Step 3: Delete the Temporary File in an Unmeshed Python Step
After processing is complete, the last Unmeshed Python Step removes the file from storage.
import os
def main(steps, context):
file_path = "/app/files/myfiles/customFile.xlsx"
try:
if os.path.exists(file_path):
os.remove(file_path)
message = "File deleted successfully"
else:
message = "File does not exist"
return {
"statusMessage": message,
"isSuccessful": True
}
except Exception as e:
return {
"statusMessage": str(e),
"isSuccessful": False
}Cleaning up temporary files is a good operational habit. It helps prevent storage buildup when the process runs repeatedly.
End-to-End Flow
The full execution looks like this:
- Fetch the Excel file from a remote location
- Save it to
/app/files - Open it in an Unmeshed Python Step
- Extract useful summary data
- Delete the temporary file
This pattern is simple, reliable, and practical for file-based workflows.

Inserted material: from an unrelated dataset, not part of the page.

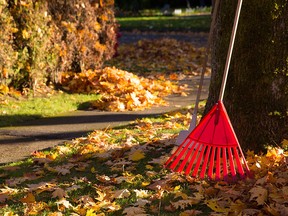 The first full day of Autumn is Monday. Rakes and umbrellas will be needed.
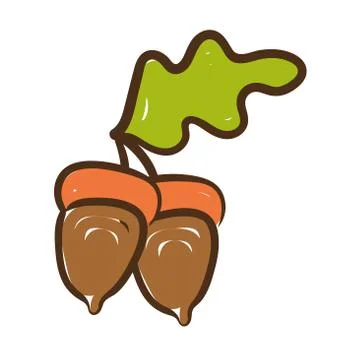 Nuts and leaf hand draw style icon Illustrazione stock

Process Definition Summary
Below is the same process expressed in documentation format for easy reference.
Process Metadata
- Name:
large_payload_handling - Version:
1 - Namespace:
default - Type:
API_ORCHESTRATION
Step Definitions
1. temp_upload_to_unmeshed_storage
- Type:
PYTHON - Purpose: An Unmeshed Python Step that downloads a remote Excel file and stores it in Unmeshed-mounted storage
- Input source: Remote file URL
- Output: Status of file download
2. read_records_and_process
- Type:
PYTHON - Purpose: An Unmeshed Python Step that reads the Excel file and generates a compact summary
- Input source: File stored at
/app/files/myfiles/customFile.xlsx - Output: Row count, column count, column names, numeric summary, and preview rows
3. delete_file
- Type:
PYTHON - Purpose: An Unmeshed Python Step that deletes the temporary file after processing
- Input source: File path in mounted storage
- Output: Deletion status
Full Process Definition
In this process definition, the Python code is authored directly inside each Unmeshed PYTHON step.
{
"orgId": 1,
"namespace": "default",
"name": "large_payload_handling",
"version": 1,
"type": "API_ORCHESTRATION",
"steps": [
{
"name": "temp_upload_to_unmeshed_storage",
"type": "PYTHON",
"ref": "temp_upload_to_unmeshed_storage",
"input": {
"script": "Python code inside the Unmeshed step downloads the file from a remote URL and stores it under /app/files/myfiles/customFile.xlsx"
}
},
{
"name": "read_records_and_process",
"type": "PYTHON",
"ref": "read_records_and_process",
"input": {
"script": "Python code inside the Unmeshed step reads the Excel file using pandas, computes summary information, and returns a compact preview"
}
},
{
"name": "delete_file",
"type": "PYTHON",
"ref": "delete_file",
"input": {
"script": "Python code inside the Unmeshed step deletes the temporary file from mounted Unmeshed storage"
}
}
]
}Best Practices for Large Payload Workflows
- store large files in mounted storage instead of workflow state
- stream downloads when possible
- return summaries, not full file contents
- keep file paths predictable across steps
- always clean up temporary files after processing
If your workflow handles CSV files, PDFs, reports, or generated documents, this same pattern works well with only minor changes to the processing step.
Final Thoughts
Large payload handling in Unmeshed is straightforward when you treat the file as a temporary resource rather than as step-to-step inline data.
By combining mounted storage with Unmeshed Python Steps, you can build workflows that download, process, and clean up large files in a controlled and maintainable way.